Exercise requirements:
Set down all of the data exactly. Pictures stay out of the copy.

Exercise data:
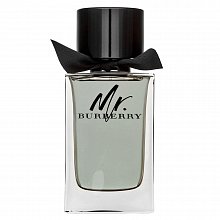 Burberry Mr. Burberry Eau de Toilette para hombre 150 ml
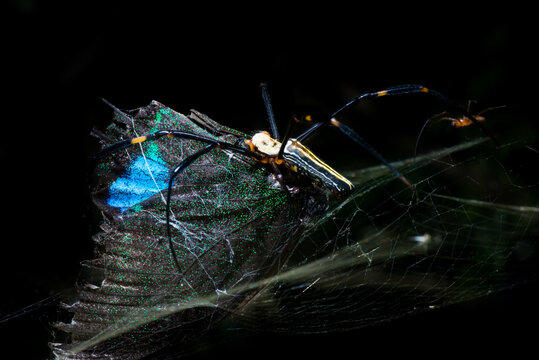 spider with butterfly caught in web.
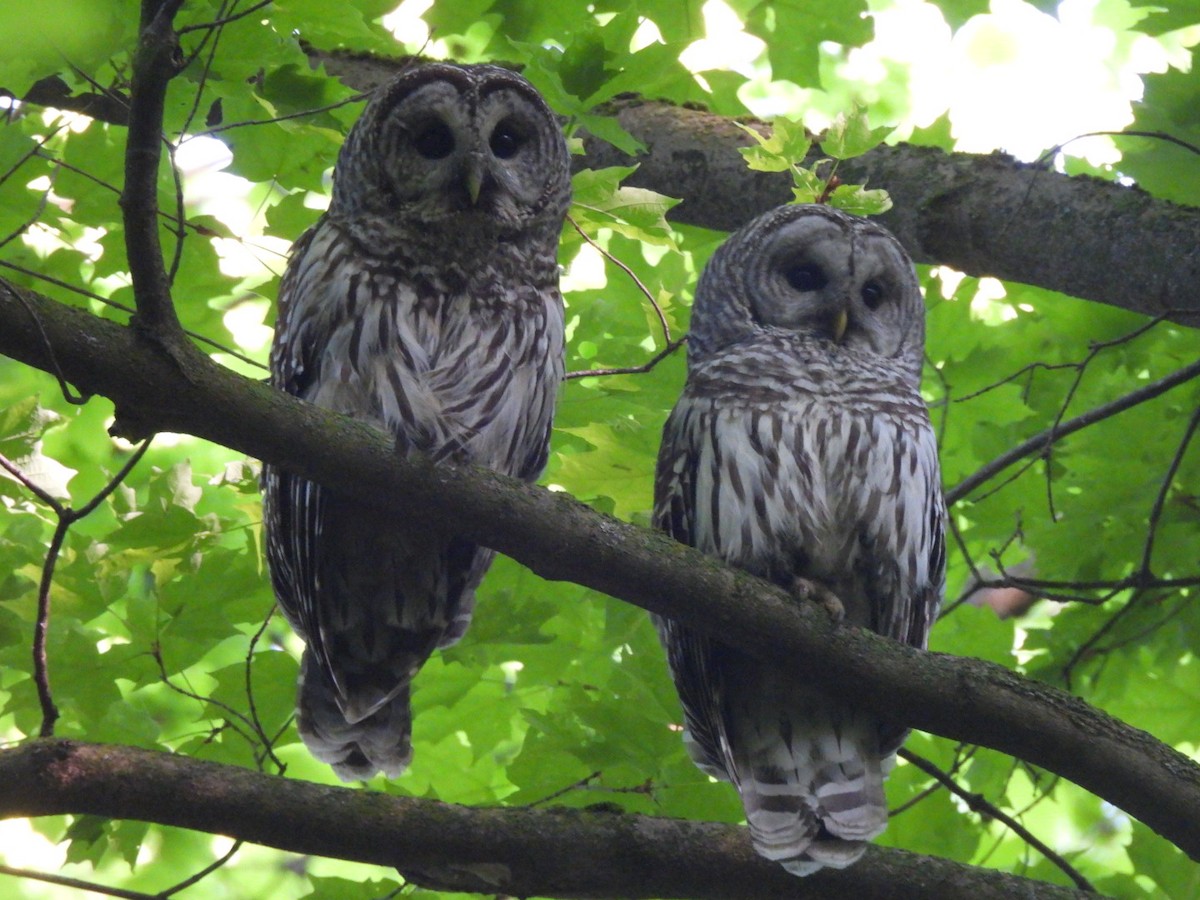 Barred Owl - ML619307885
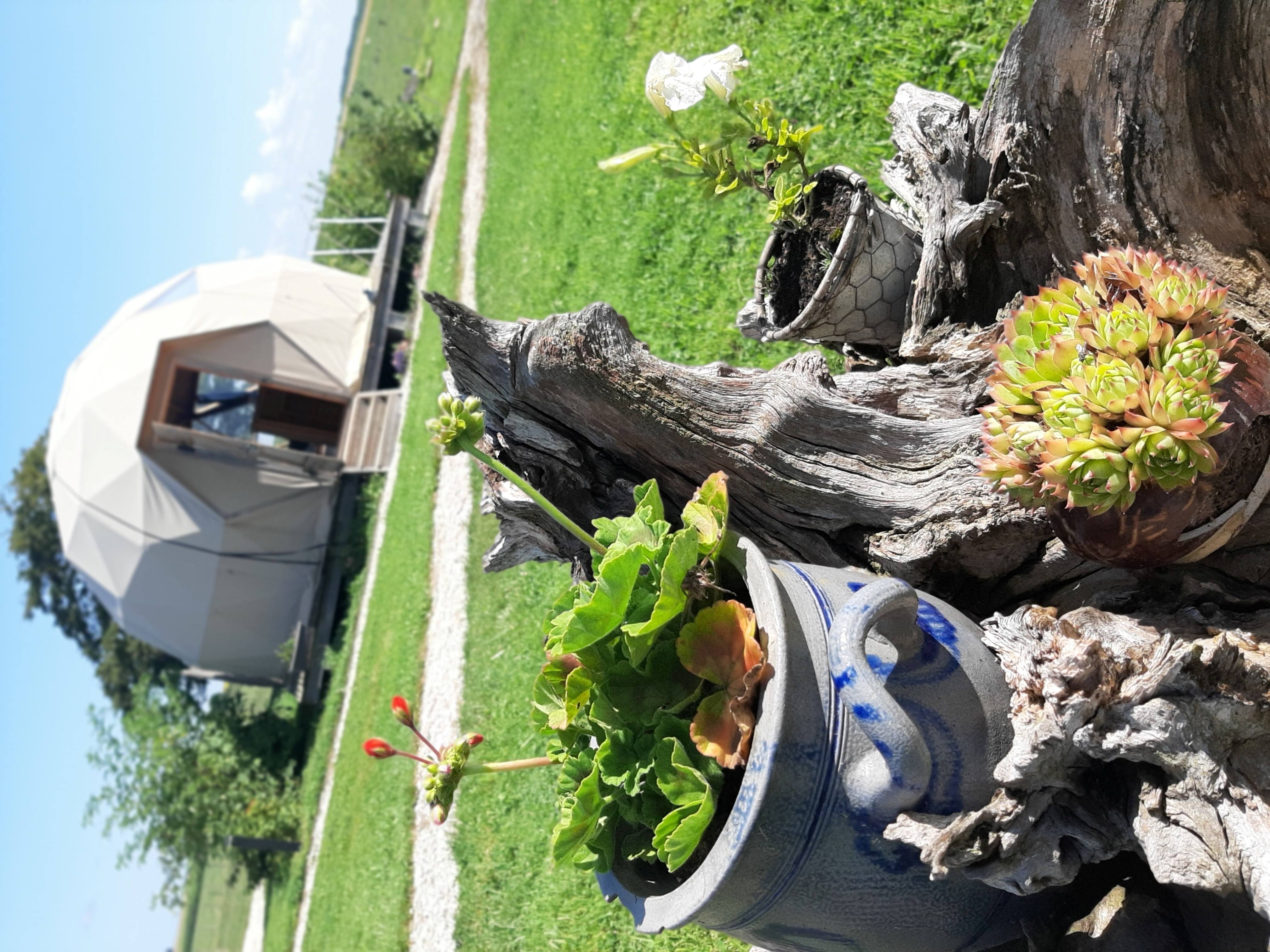 Dôme Céleste : une échappée insolite en Champagne-Ardenne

Result of the task:
 Burberry Mr. Burberry Eau de Toilette para hombre 150 ml
 spider with butterfly caught in web.
 Barred Owl - ML619307885
 Dôme Céleste : une échappée insolite en Champagne-Ardenne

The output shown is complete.